• _TASK TO CARRY OUT_
Your copy of the data should match it exactly, leaving out only the pictures.
--- START ---
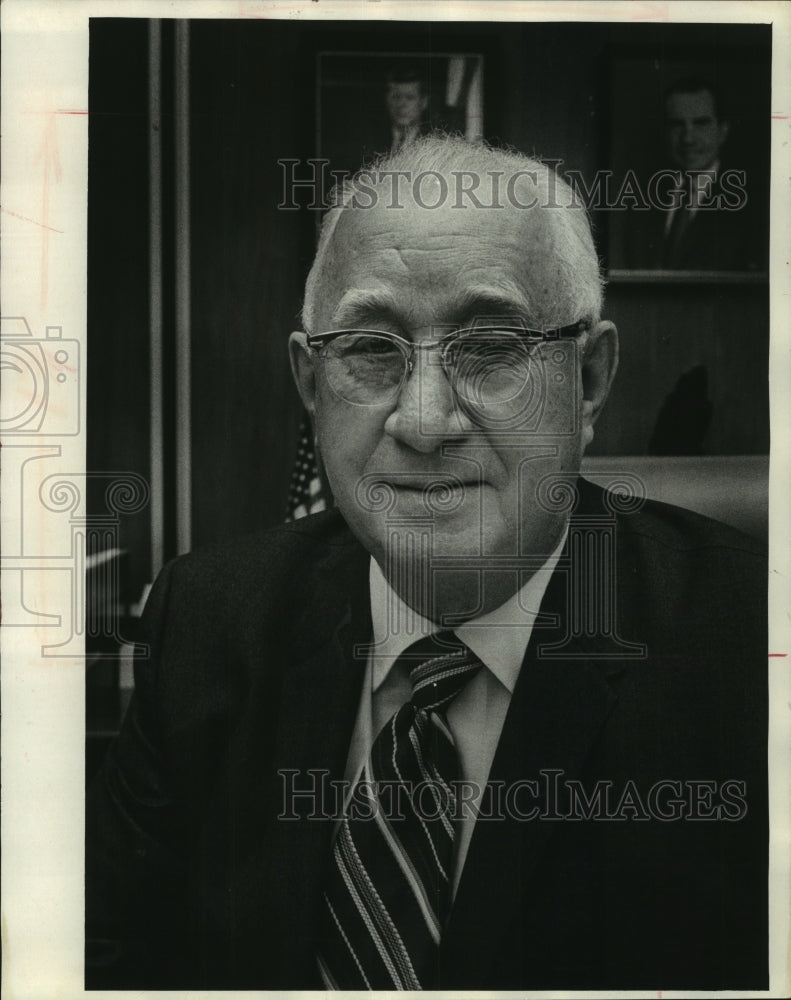 1971 Press Photo Picture of John E. Kalupa in his office. - Historic Images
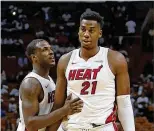  ?? MIAMI HERALD ?? On ESPN last week, Dion Waiters (left) discussed Hassan Whiteside’s (right) complaints about his diminished playing time and role.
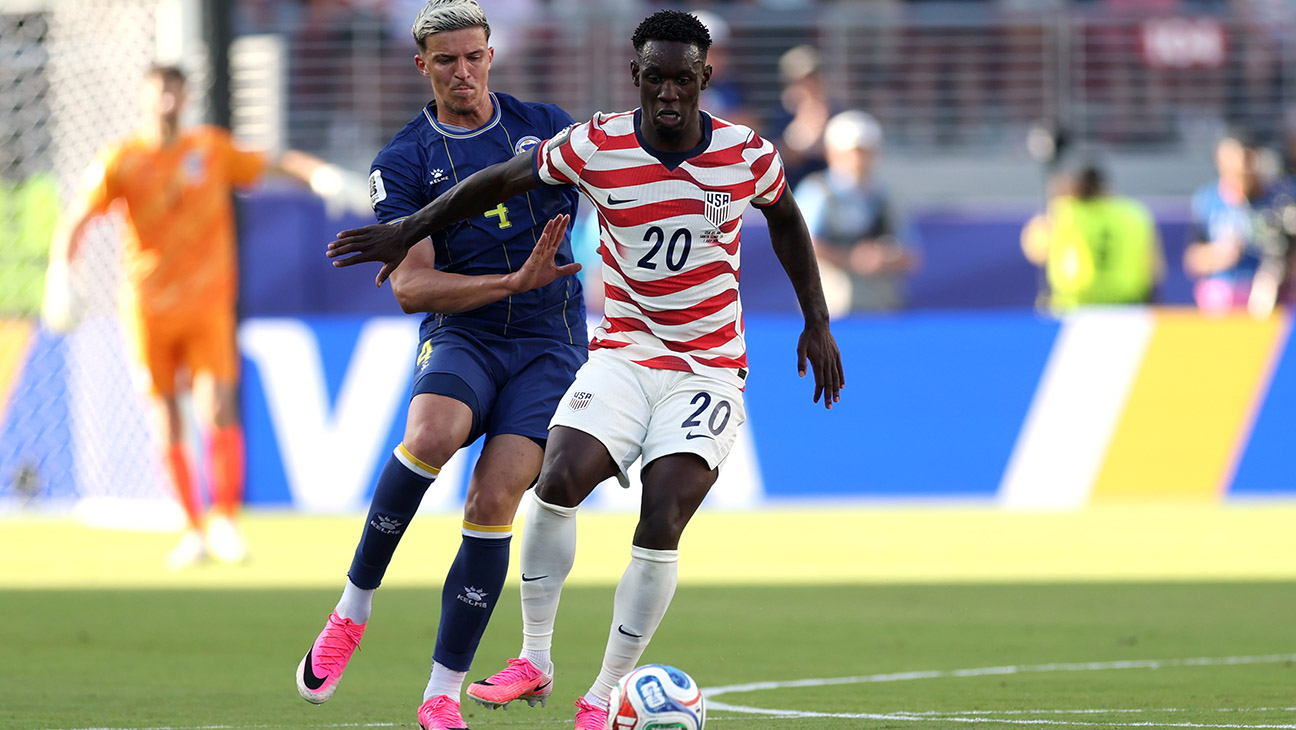Folarin Balogun #20 of the United States is challenged by Tarik Muharemovic #4 of Bosnia and Herzegovina during the FIFA World Cup 2026 Round of 32 match between USA and Bosnia and Herzegovina at San Francisco Bay Area Stadium on July 01, 2026 in Santa Clara, California.
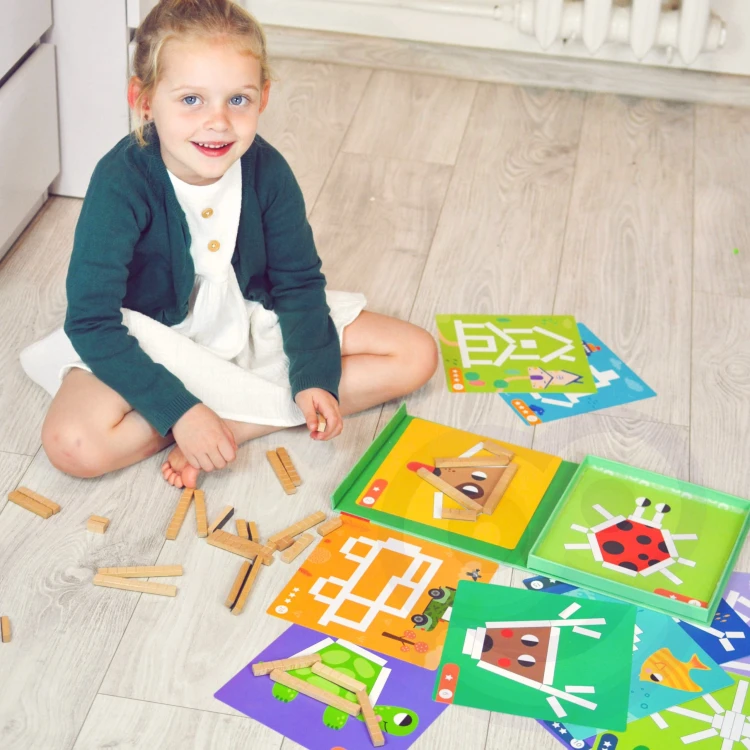 Instrukcja obok rozłożonych elementów TOOKY TOY — przykład wzoru do odtworzenia i inspiracje do zabaw logicznych
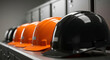 © starush - Safety helmets lined on locker bench in industrial changing room for crews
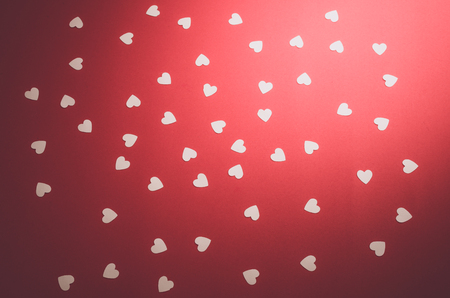 white little hearts on red backgroundの写真素材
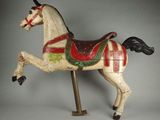 un cheval de bois recouvert d'une couverture rouge et verte sur le dos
--- END ---
• _WRITTEN RESPONSE_
 1971 Press Photo Picture of John E. Kalupa in his office. - Historic Images
  ?? MIAMI HERALD ?? On ESPN last week, Dion Waiters (left) discussed Hassan Whiteside’s (right) complaints about his diminished playing time and role.
Folarin Balogun #20 of the United States is challenged by Tarik Muharemovic #4 of Bosnia and Herzegovina during the FIFA World Cup 2026 Round of 32 match between USA and Bosnia and Herzegovina at San Francisco Bay Area Stadium on July 01, 2026 in Santa Clara, California.
 Instrukcja obok rozłożonych elementów TOOKY TOY — przykład wzoru do odtworzenia i inspiracje do zabaw logicznych
 © starush - Safety helmets lined on locker bench in industrial changing room for crews
 white little hearts on red backgroundの写真素材
 un cheval de bois recouvert d'une couverture rouge et verte sur le dos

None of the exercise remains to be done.